I was surprised to discover that Absolon does not draw – in the traditional sense – instead she finds creative sustenance in the opportunity that the first marks made on the painting’s surface give. Indeed they are not drawn from anything ‘seen’ and ‘observed’ but from a deep poetic reverie and the urge to ‘strike out’. They skirt close to being an image but resist the mundanity of recognition. Closure is not on the cards only a cyclical need to listen and bring forth into sight.
Ultimately any desire to see an illusion is just that, it’s a trick of language, a deception that allows a ‘reading’ of signs and symbols. The word symbol derives from ‘symbolon’ which means ‘to throw together’. It is always tempting to want a symbol to mean something specific, to have a definition which can neatly end any doubt about the mystery of things. Absolon repeatedly throws together, then patiently waits and listens.
Anyone familiar with the process of painting will know the discipline this waiting requires. There isn’t an end to it, it can be and often is tinged with despair, frustration and be weighted with self doubt. It takes a certain kind of faith to live with this, to allow its poetic reality to reveal itself when it is right to do so. We can all experience this at times, repeating it time and again demands a kind of painterly wisdom.

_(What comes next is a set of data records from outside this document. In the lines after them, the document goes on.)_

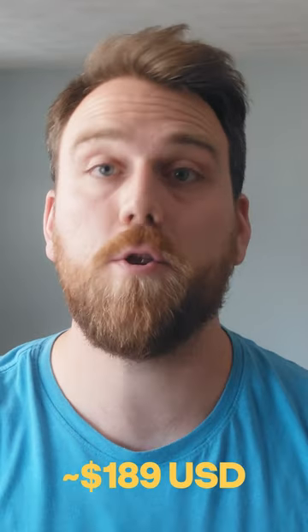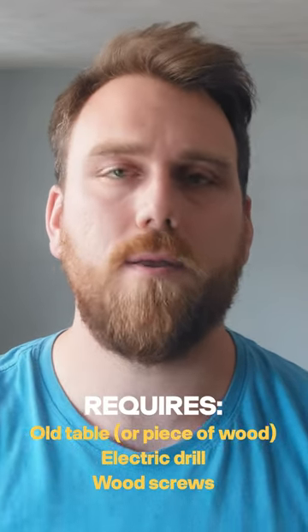I'm going to show you how to build a standing desk for $189 — how I did it, how you can do it. Super simple.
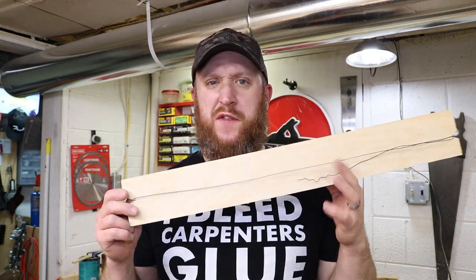Hey guys, welcome to the workshop. So in today's video, I wanted to share with you a quick tip on this little thing.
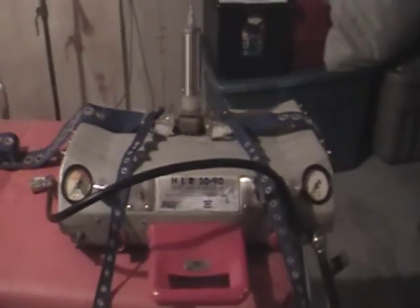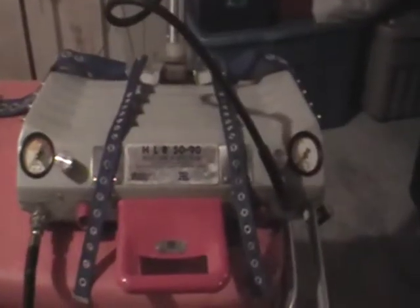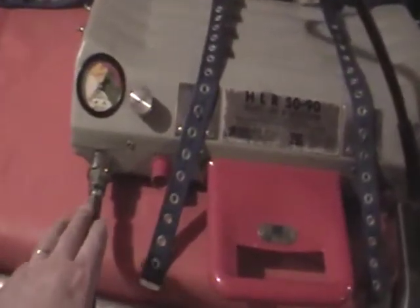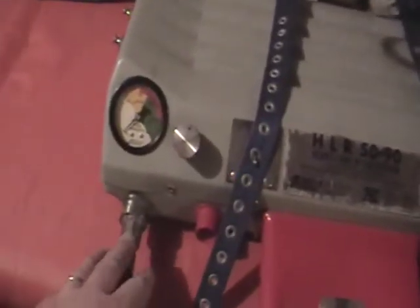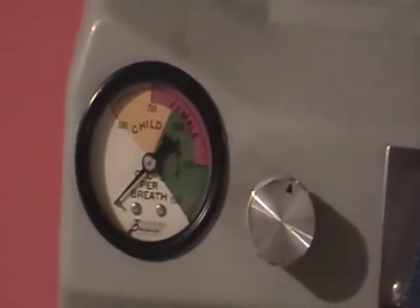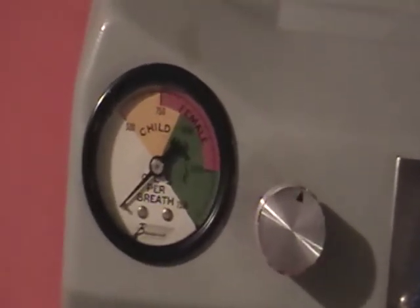The cylinder would be plugged in and the machine turned on to provide CPR. As we saw earlier, if the oxygen supply hose is hooked on this side of the machine, we only have CPR being provided. However, if we hook it on this side of the machine, we have the gauge that controls artificial respiration.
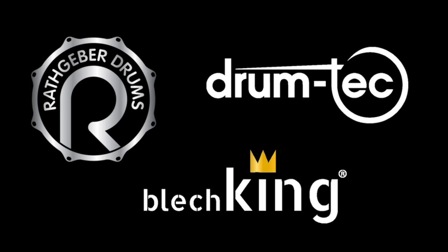This video series is presented by DrumTech, R-Drums and Blashking. Welcome to the Acoustic to E-Drums conversion series.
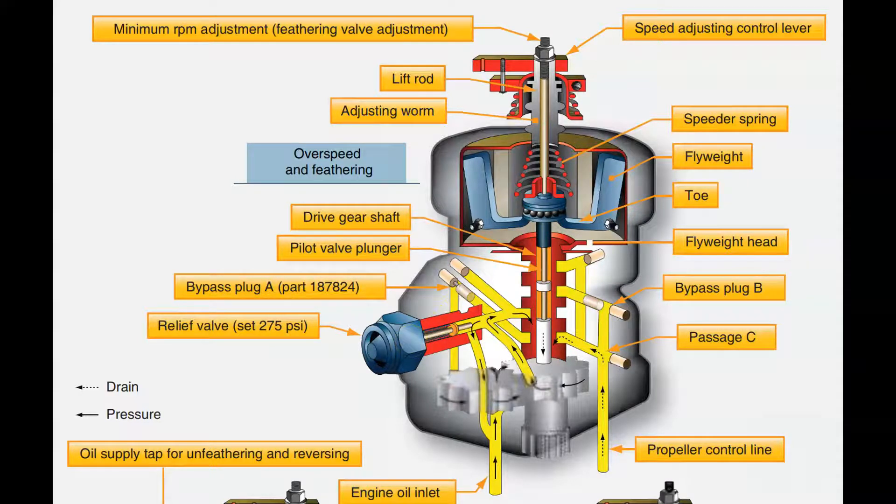In the overspeed condition, the engine is spinning faster and the centrifugal force on the fly weights overcomes the speeder spring, causing them to pivot out, which lifts the pilot valve. When this valve lifts up, it opens oil passages — we release pressure so the fly weights drive the propeller to a higher pitch angle. Taking a bigger bite slows the engine down. That is the overspeed condition.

‘Leap Before you Look’ is the title of W.H. Auden’s poem from which the title is derived. Making that leap into the unknown is the alpha and omega of Absolon’s paintings. It is a slow-time, one tinged with melancholy, a time that is ‘A solitude ten thousand fathoms deep’. We all see the way the world ‘is’ from who and where we are. Absolon shares this experience trusting that we too may draw out of this ‘throwing together’ something like our reality too.